Attribute must be GROUPed.... ?

Daniele Orlandi

unread,

Apr 30, 2003, 5:22:39 PM4/30/03

to

This is a multi-part message in MIME format.
--------------040702000107030508030401
Content-Type: text/plain; charset=us-ascii; format=flowed
Content-Transfer-Encoding: 7bit

I always had been doubious about the "must" in the error message
"Attribute must be GROUPed or used in an aggregate function".

I certainly agree that there are many situations in which having an
ungrouped attribute in the target list is nonsense (undefined), but I
sometimes find situations in which it would be perfetcly meaningful.

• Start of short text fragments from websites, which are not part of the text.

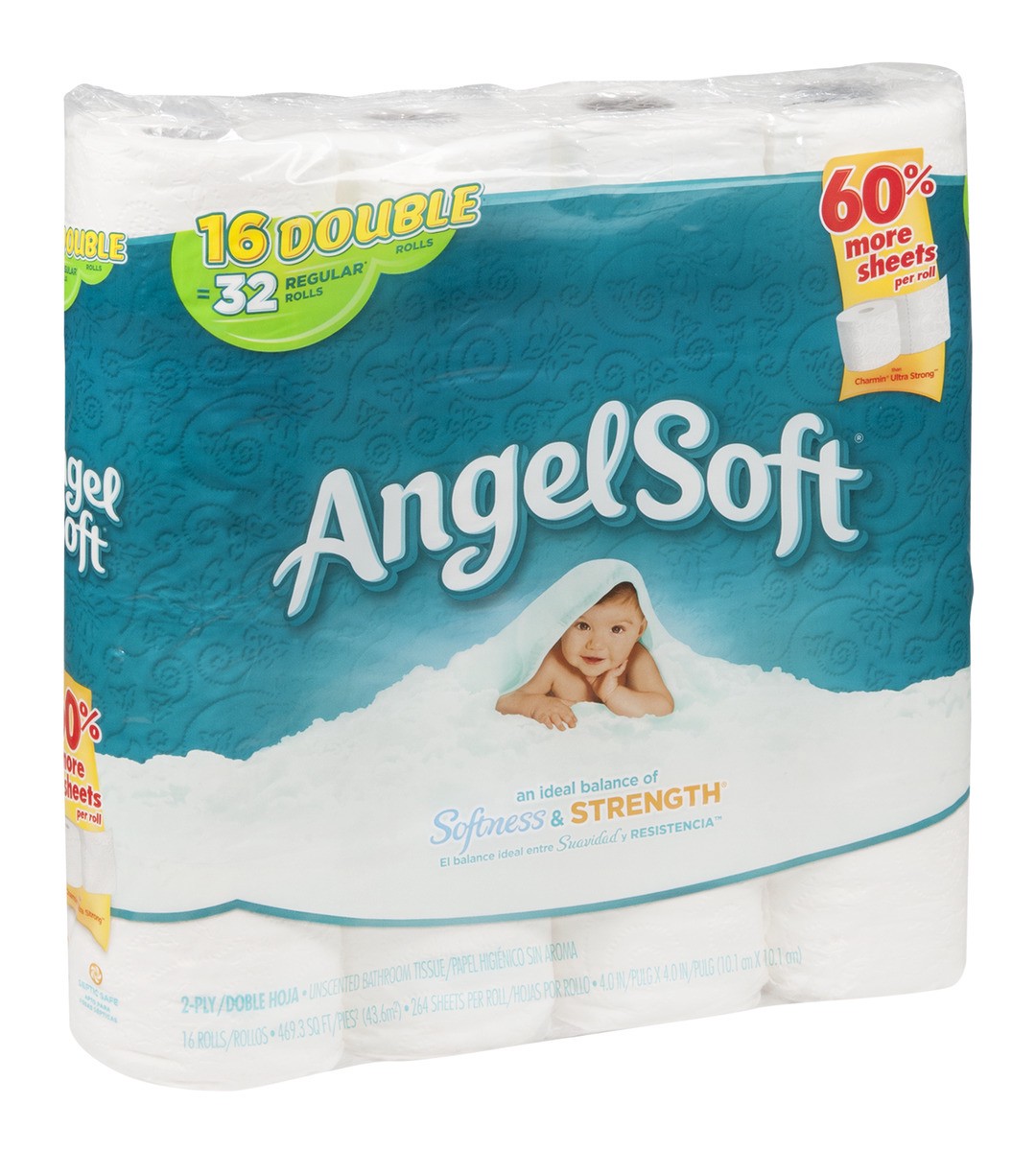 slide 2 of 9, Angel Soft Softness & Strength Unscented 2-Ply Double Rolls Bathroom Tissues, 16 ct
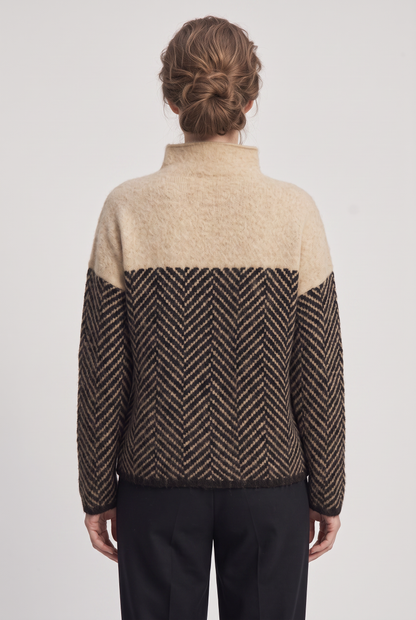 Classic Herringbone Panel Funnel Neck Sweater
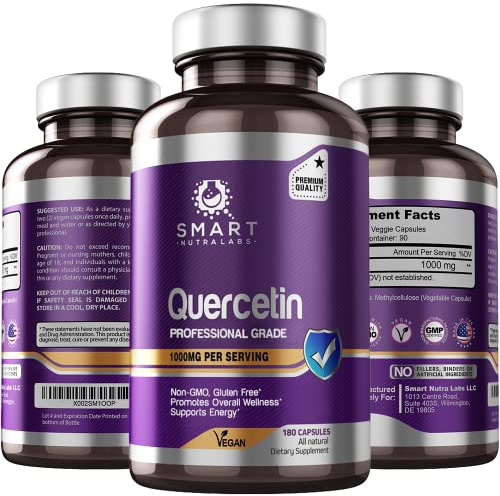 Smart Nutra Labs Quercetin 1000mg with No Fillers - 180 Vegan Capsules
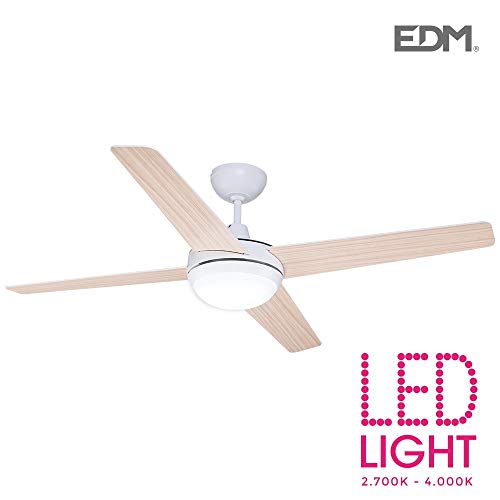 Ventoinha de Teto EDM Chukotka (Branco - 60 W - Diâmetro 130 cm) EDM GROUP - Luminárias Decorativas - 130 cm, 3 velocidades, 5 modos, mando a distancia, luzes LED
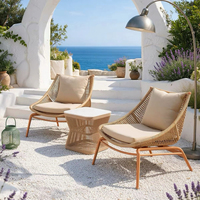 Ensemble de meubles de patio en rotin pour l'extérieur, ensemble bistrot de jardin 3 pièces, chaise et table d'appoint tressées à la main pour villa, balcon, cour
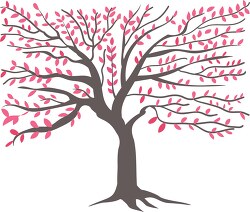 tree shaped in rectange pink leaves for spring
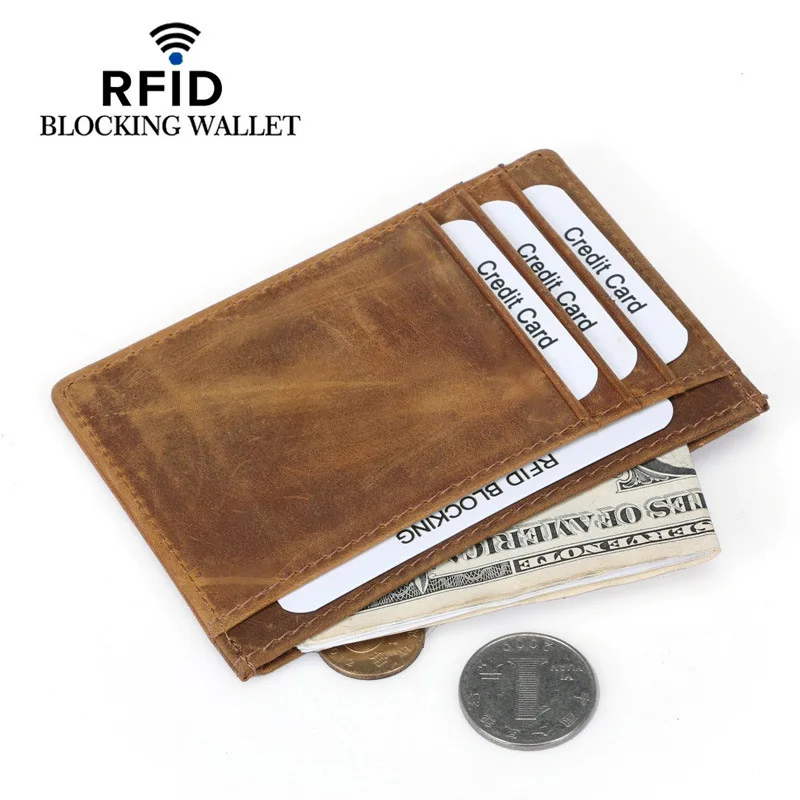 Leather Credit Card Case Rfid Blocking Wallet for Credit Cards Vintage Card Organizer anti Rfid Card Protection Cardholder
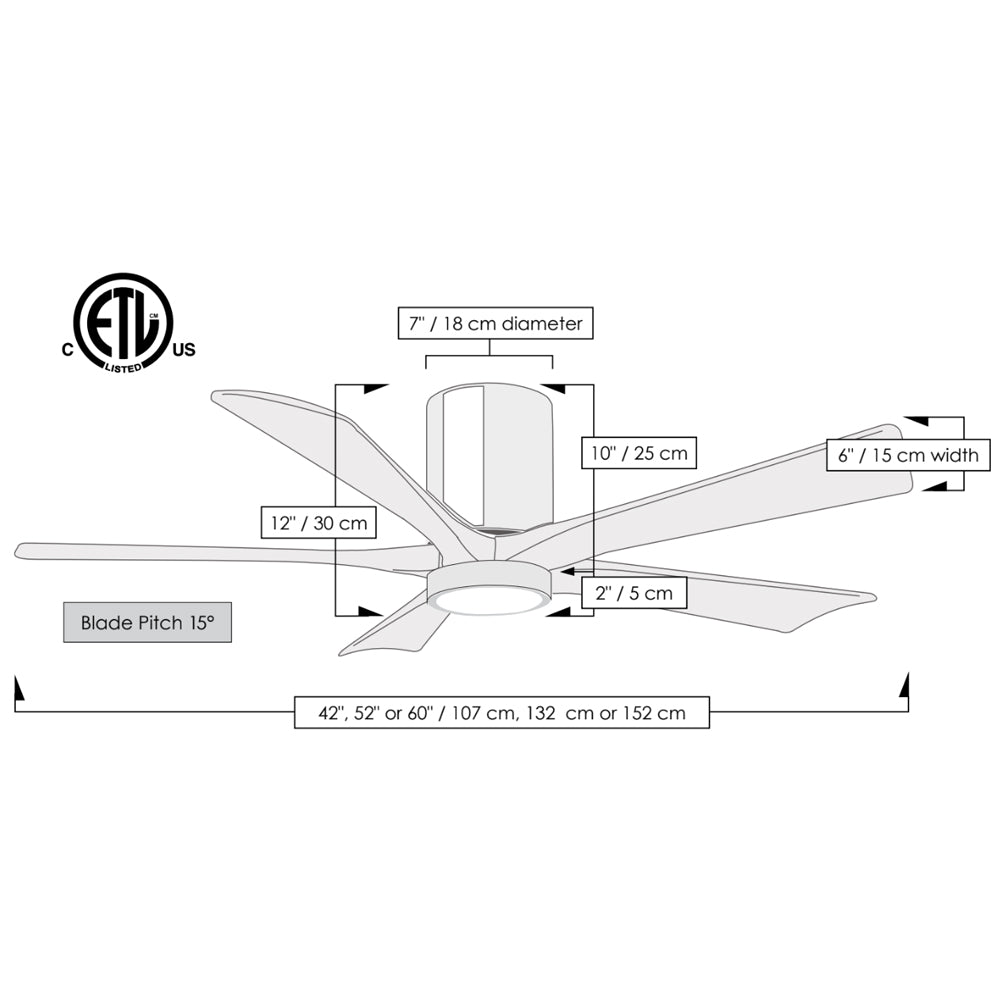 Matthews Fan Company Atlas Irene-5HLK 42" Brushed Brass Ceiling Mount Fan With Solid Wood Blade In Matte White Finish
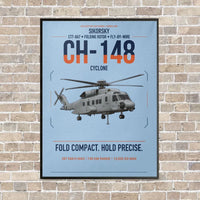 Thumbnail for Sikorsky CH-148 Cyclone vertical canvas print - framed - light blue background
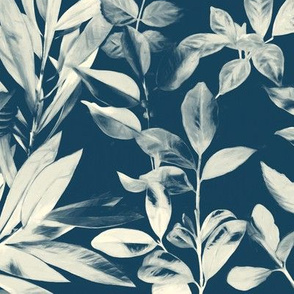 Moody Leaves in Grey Blue and Cream - large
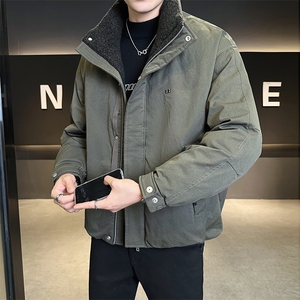 90新标呢料织带拼接立领白鸭绒羽绒服帅气外套YR5606-P299图片
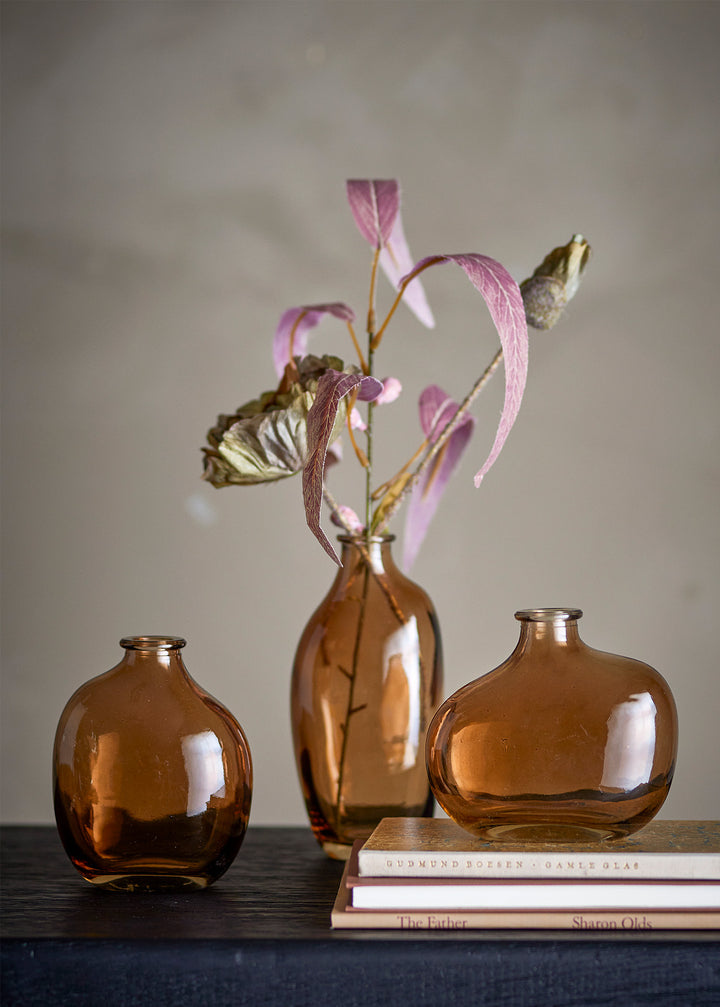 Glasvasen braun-transparent, 3er-Set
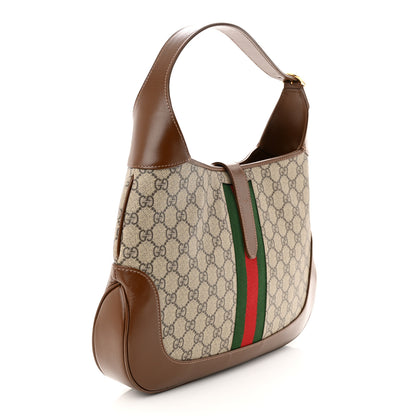 Gucci GG Supreme Monogram Azalea Calfskin Web Medium Jackie 1961 Hobo Beige Ebony Brown Sugar 3 of 10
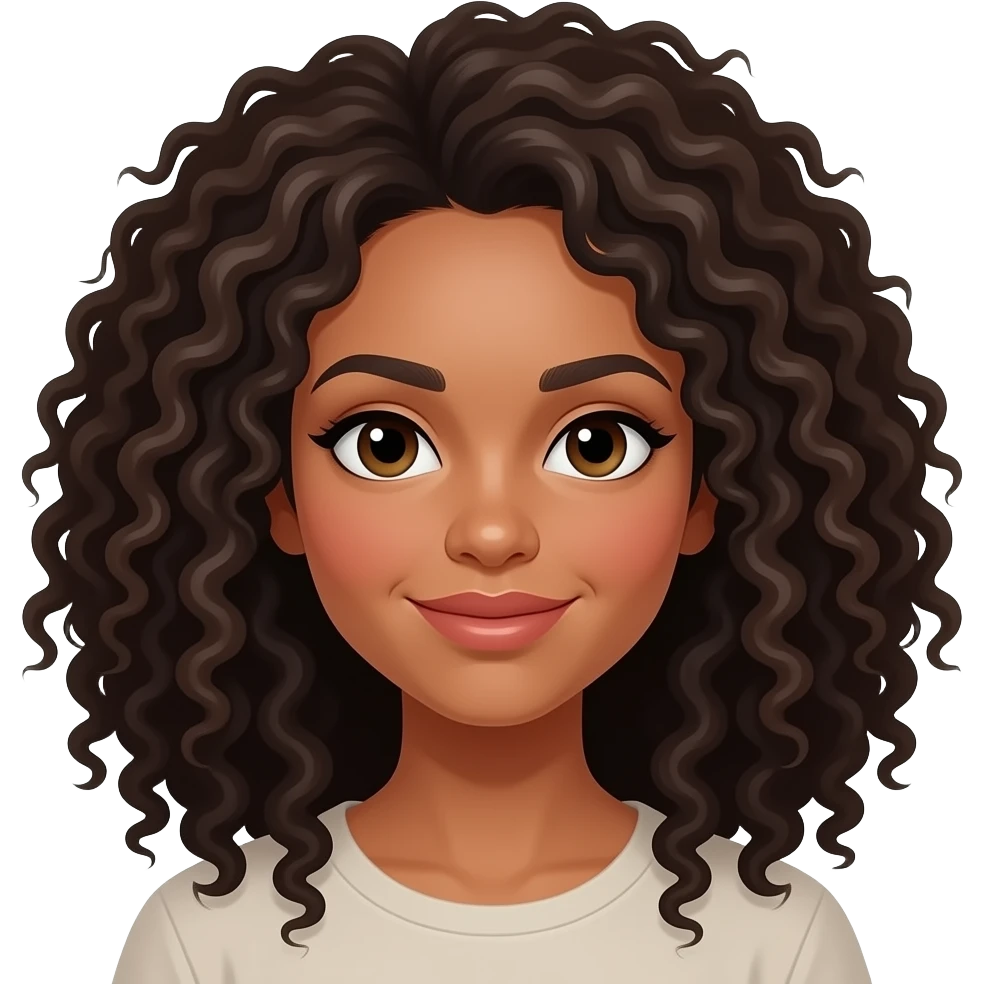 White woman massive curly hair emoji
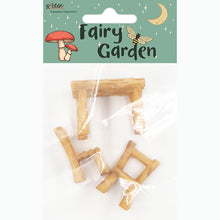 White Smoke Fairy Garden Mini Resin Log Table And Chairs, 3pc Set Fairy Garden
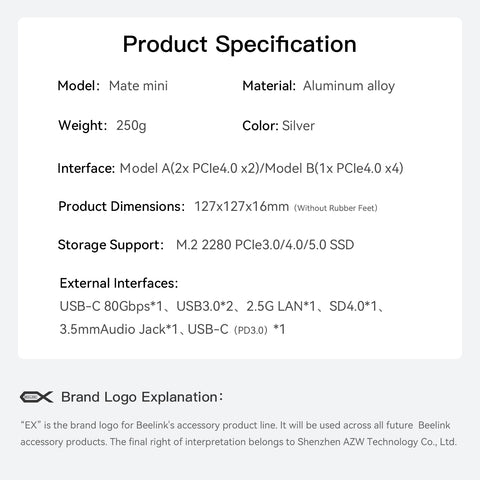 Beelink EX Mate mini 80 Gbit/s Dock für Mac mini M4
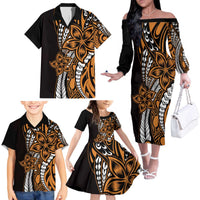 Polynesian Plumeria Floral Tattoo Pattern Family Matching Off The Shoulder Long Sleeve Dress and Hawaiian Shirt Gold Style LT9 - Polynesian Pride
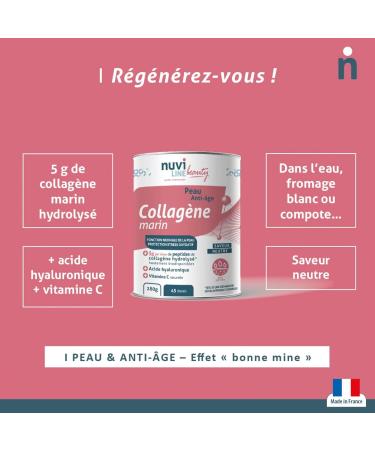Nuviline Beauty Anti-Aging Marine Collagen Hydrolyzed Collagen Powder Hyaluronic Acid + Organic Vitamin C Oxidative Stress Protection Premium Quality Made in France 280 g (45 Doses) - Buy Online on GoSupps.com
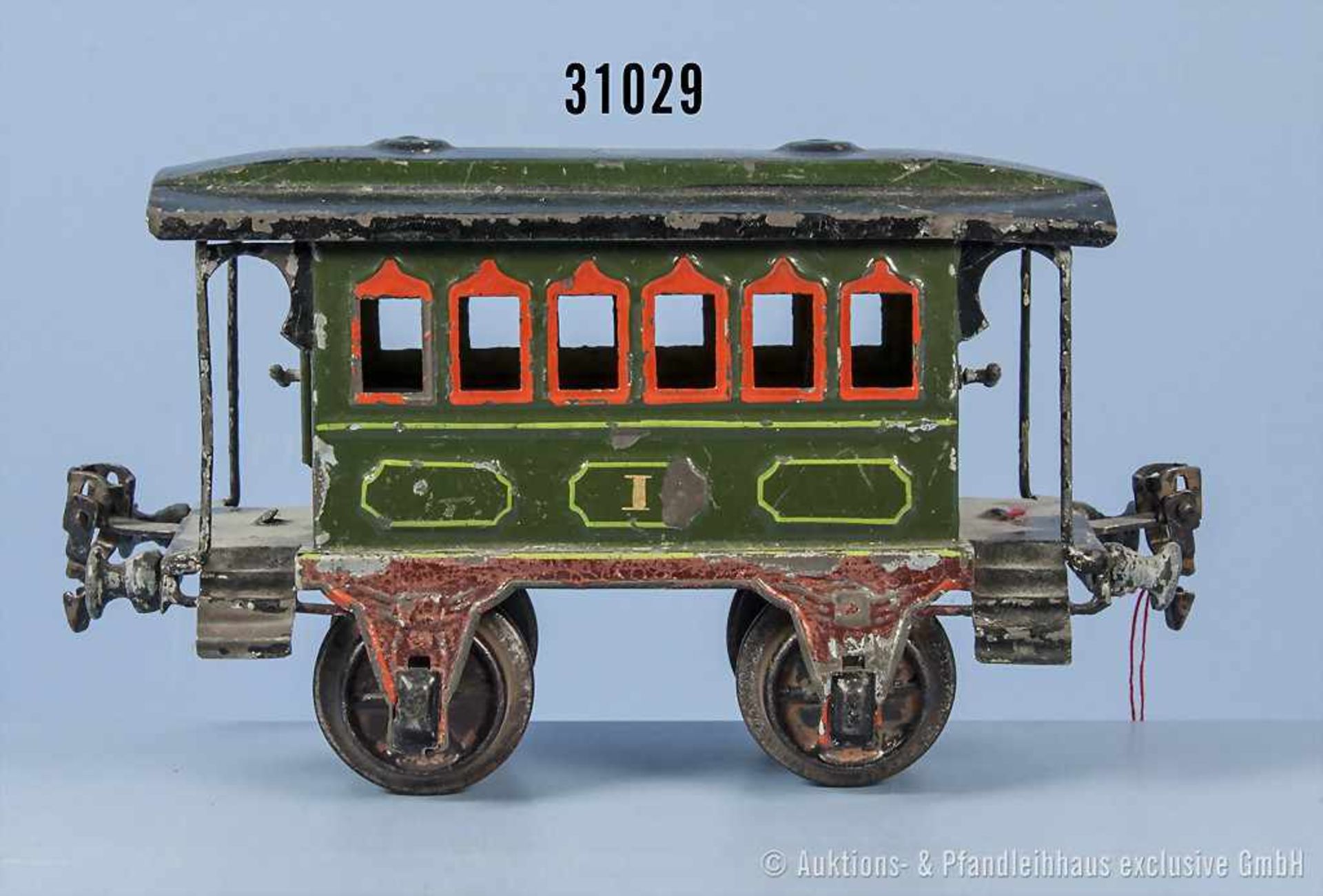 Märklin Spur 1 1807 Personenwagen, lack. Blechausf., 2 Angeltüren zum Öffnen, 2-A, L 17,5 cm,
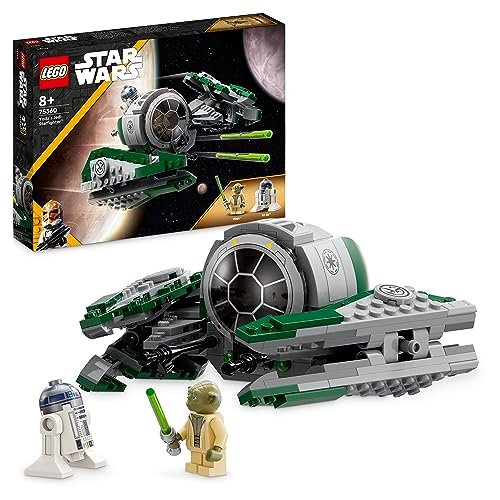LEGO 75360 Star Wars Jedi Starfighter di Yoda, Set con Veicolo Giocattolo da Costruire, Giochi per Bambini da The Clone Wars con Minifigure del Maestro Yoda, Spada Laser e Figura del Droide R2-D2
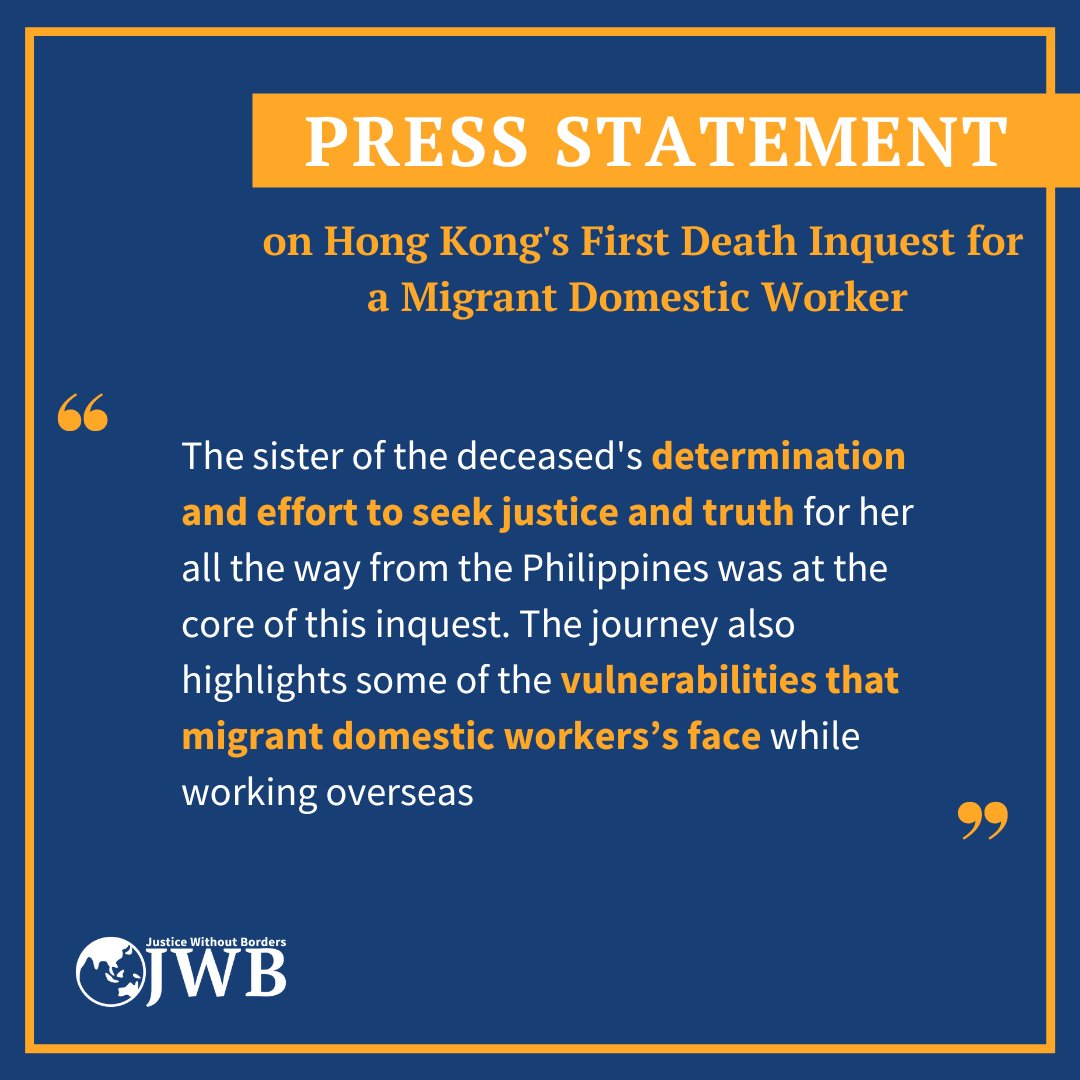 forJWB's tweet photo. The first death inquest for migrant domestic workers was held in Hong Kong. It was also JWB's first. Click the links in the comment below to see the statement from JWB and the deceased’s family. Stay tuned as we share more details on the case.
#JusticeForAll #IsOurSharedVoice https://t.co/AM4pFQvJnK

For example, suppose that you join two tables and the field you group by
appears to be the primary key of one of the tables. In this case if I
put any of the fields in that table in the target list, it will always
be well defined and would make certain queries much simpler.

In SQL:

# create table cities (id int primary key,name text);
# create table people (fullname text,city_id int references cities(id));
# select name,count(*) from people,cities where people.city_id=cities.id
group by city_id;

name | count
------------+-------------
New York | 10
Los Angeles | 15
Seveso | 1
....

Here follows a patch that makes this behaviour configurable via a
configuration variable. I apologize in advance if there's something
stupid, it's my first patch on postgresql...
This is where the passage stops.